Seit den 70er-Jahren ist sie im Zonenplan der Gemeinde eingezeichnet, nun liegt die Planvorlage auf.

Fünf Kisten voller Akten und Pläne können bis zum 15. Mai in den Gemeindehäusern von Mägenwil, Brunegg und Wohlenschwil studiert werden. Die Rede ist von der SBB-Schlaufe zwischen Brunegg und Mägenwil. Das einspurige Verbindungsstück ist eine von mehreren «kleineren Infrastrukturmassnahmen», wie die SBB im Baugesuch schreiben, die den Engpass zwischen Aarau und Zürich entlasten sollen.

S-Bahn im Halbstundentakt

Die geplante Schlaufe wird die Bahnlinie Othmarsingen–Birr mit der Heitersberglinie – Olten–Zürich – verbinden. Ziel der SBB ist es, unter anderem mit der Schlaufe Güterzüge so umzuleiten, dass auf der Heitersberglinie mehr Kapazität für Personenzüge entsteht. So soll die S3 zwischen Aarau und Zürich künftig den ganzen Tag im Halbstundentakt verkehren, nicht nur während der Stosszeiten.

Das Trassee der neuen Verbindungsschlaufe ist 1000 Meter lang und liegt in einer Industrie- und Landwirtschaftszone. In diesem Bereich liegen die Überführung der Landstrasse sowie die Wegbrücke Lindfeld; beide wurden schon in den 70ern als Vorinvestitionen für die Schlaufe erstellt. Die Wegbrücke muss nun jedoch abgebrochen werden.

«Mit den heutigen Trassierungsgrundsätzen ist es nicht möglich, die Wegbrücke für die Schlaufe Mägenwil zu nutzen», schreiben die SBB. Die Verbindung wird ab Brunegg bis zur Überführung der A1 parallel zur bestehenden Spur verlaufen und weiter südlich nach Osten abbiegen. Dort verläuft sie über die bestehende Überführung der Landstrasse ins Flurgebiet Schibler.

Die alte Bruggerstrasse wird von den Bahngleisen durchbrochen werden.

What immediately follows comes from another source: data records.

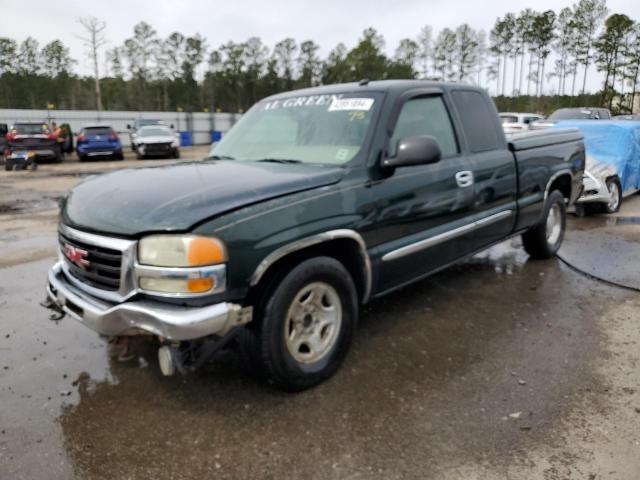 2003 GMC New Sierra C1500 VIN: 1GTEC19T83Z115901 Lot: 43951894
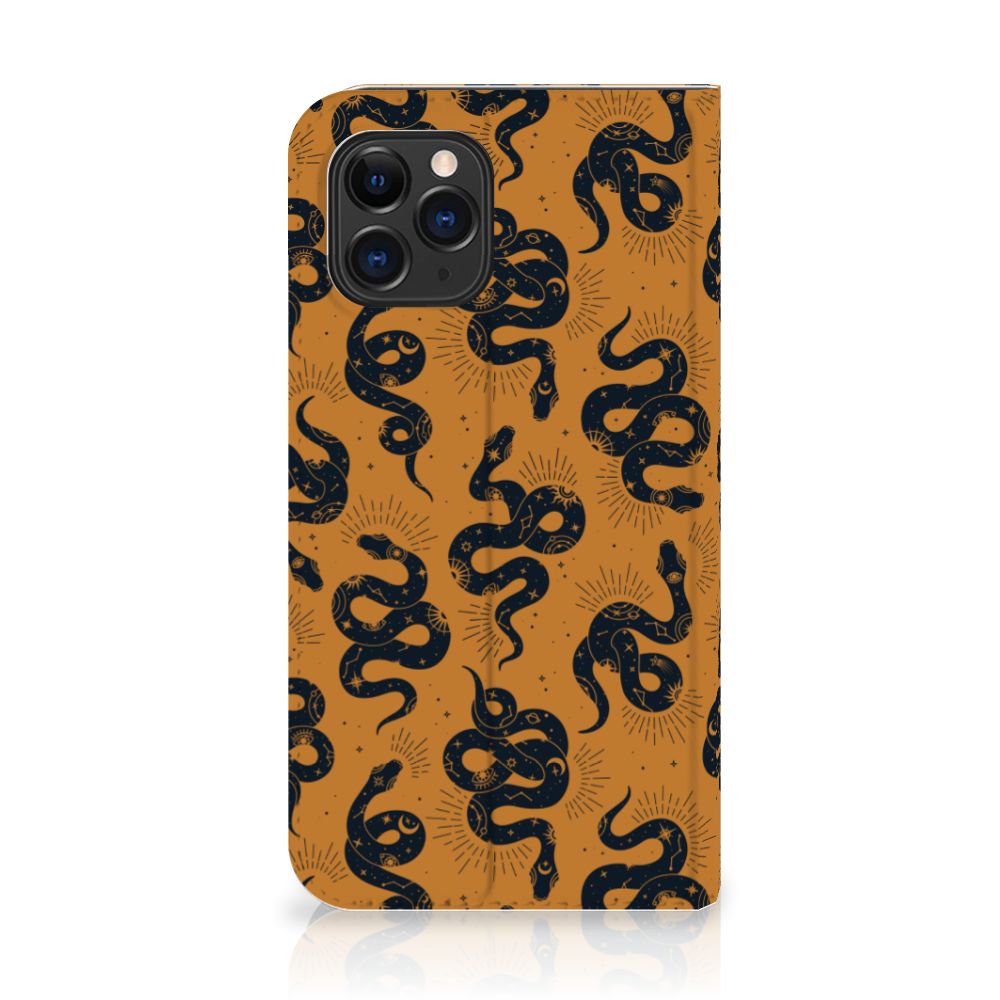 Hoesje maken voor Apple iPhone 11 Pro Snakes - B2C Telecom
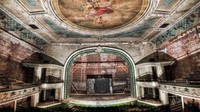 The Orpheum Theatre di Massachusetts. Gedung opera dibuka pertama kali pda 15 April 1912. Setelah berganti-ganti pemilik, akhirnya tutup pada 1962. New Bedford Orpheum Rising Project/Facebook.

Für den Langsamverkehr ist ab dem Gebiet Eichli bis zur Einmündung der Steiacherstrasse in die alte Bruggerstrasse ein 3,5 Meter breiter, parallel zur Bahn führender Weg vorgesehen. Etwa auf der Hälfte soll eine Personenunterführung durch den Bahndamm der Schlaufe die Anbindung an die alte Bruggerstrasse auf Höhe Strassenunterführung Büntli ermöglichen.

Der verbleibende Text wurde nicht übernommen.